*INSTRUCTIONS TO FOLLOW:* Data follows below. Repeat exactly the lines between the line holding "Polaris - 01" and the line holding "523 Corkscrew Rd, Rancho", inclusive, and nothing more; drop pictures.

=== EXTRACTED INFORMATION ===

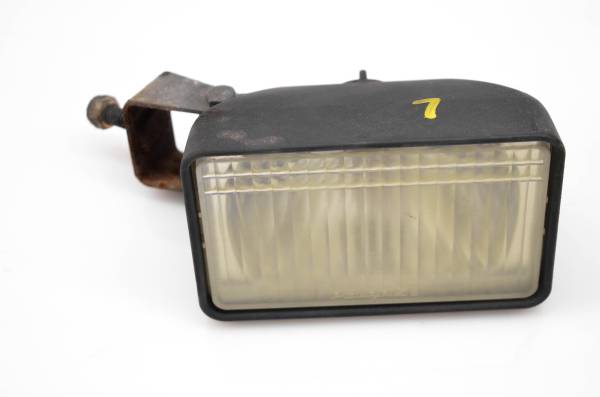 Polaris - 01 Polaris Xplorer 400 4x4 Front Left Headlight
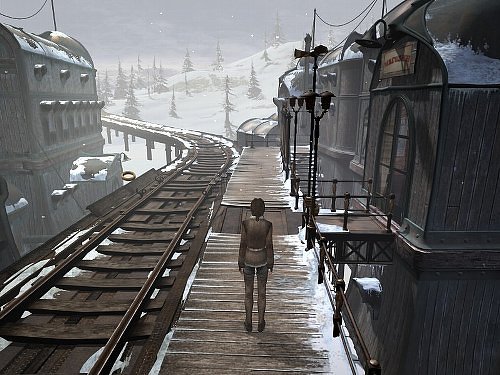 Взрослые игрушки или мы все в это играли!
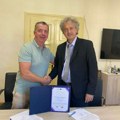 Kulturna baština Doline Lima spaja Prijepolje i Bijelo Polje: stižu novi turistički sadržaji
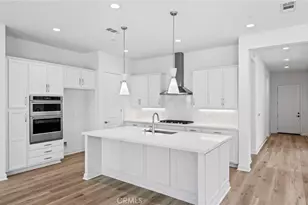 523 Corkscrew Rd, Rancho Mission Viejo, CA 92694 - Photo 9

===
=== EXTRACTED INFORMATION ===

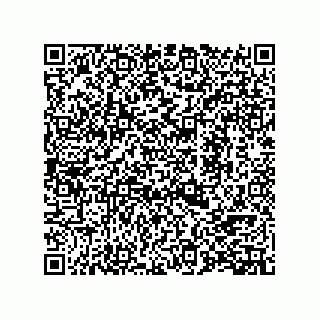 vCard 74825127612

===
=== EXTRACTED INFORMATION ===

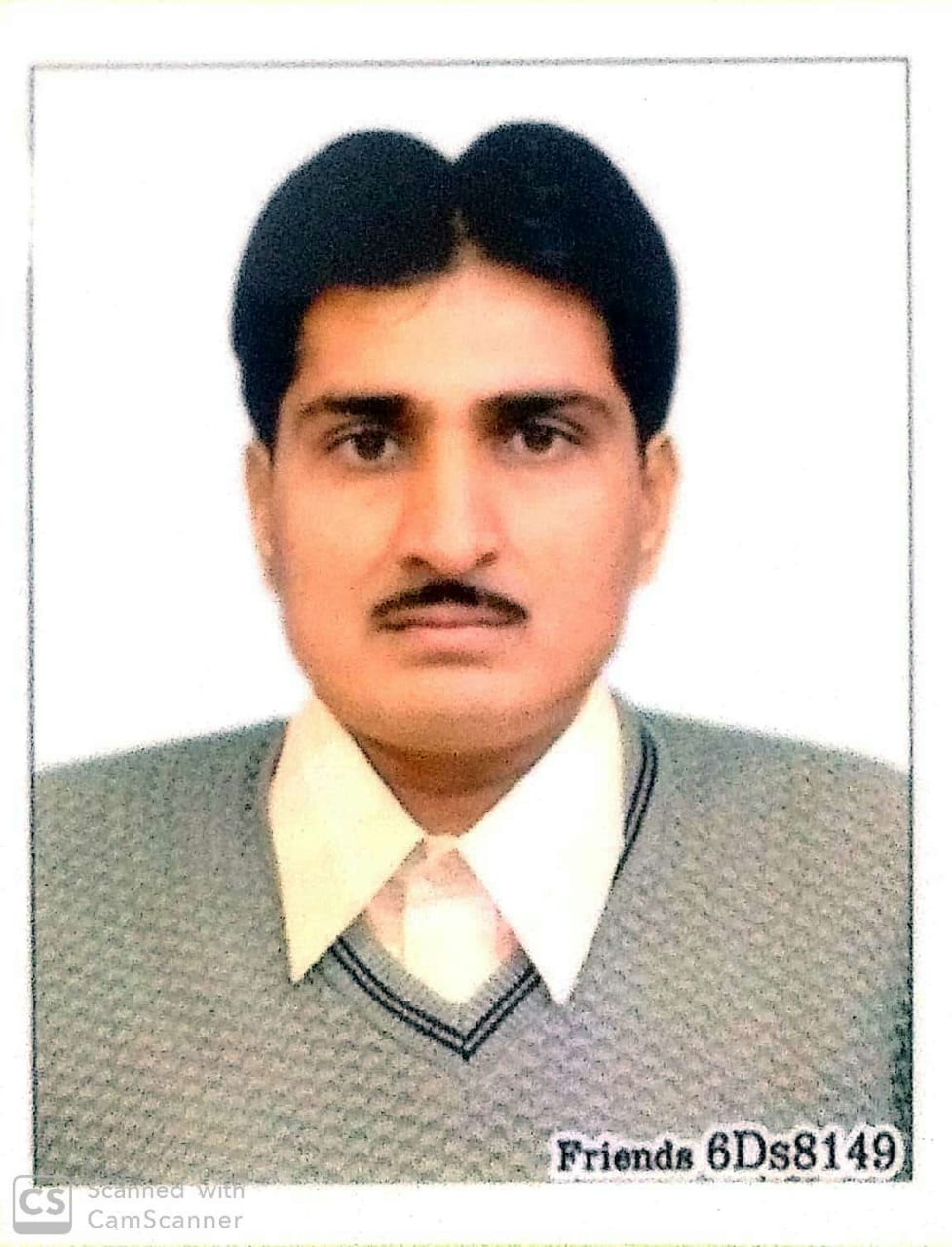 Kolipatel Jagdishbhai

===

*OUTPUT:*
 Polaris - 01 Polaris Xplorer 400 4x4 Front Left Headlight
 Взрослые игрушки или мы все в это играли!
 Kulturna baština Doline Lima spaja Prijepolje i Bijelo Polje: stižu novi turistički sadržaji
 523 Corkscrew Rd, Rancho Mission Viejo, CA 92694 - Photo 9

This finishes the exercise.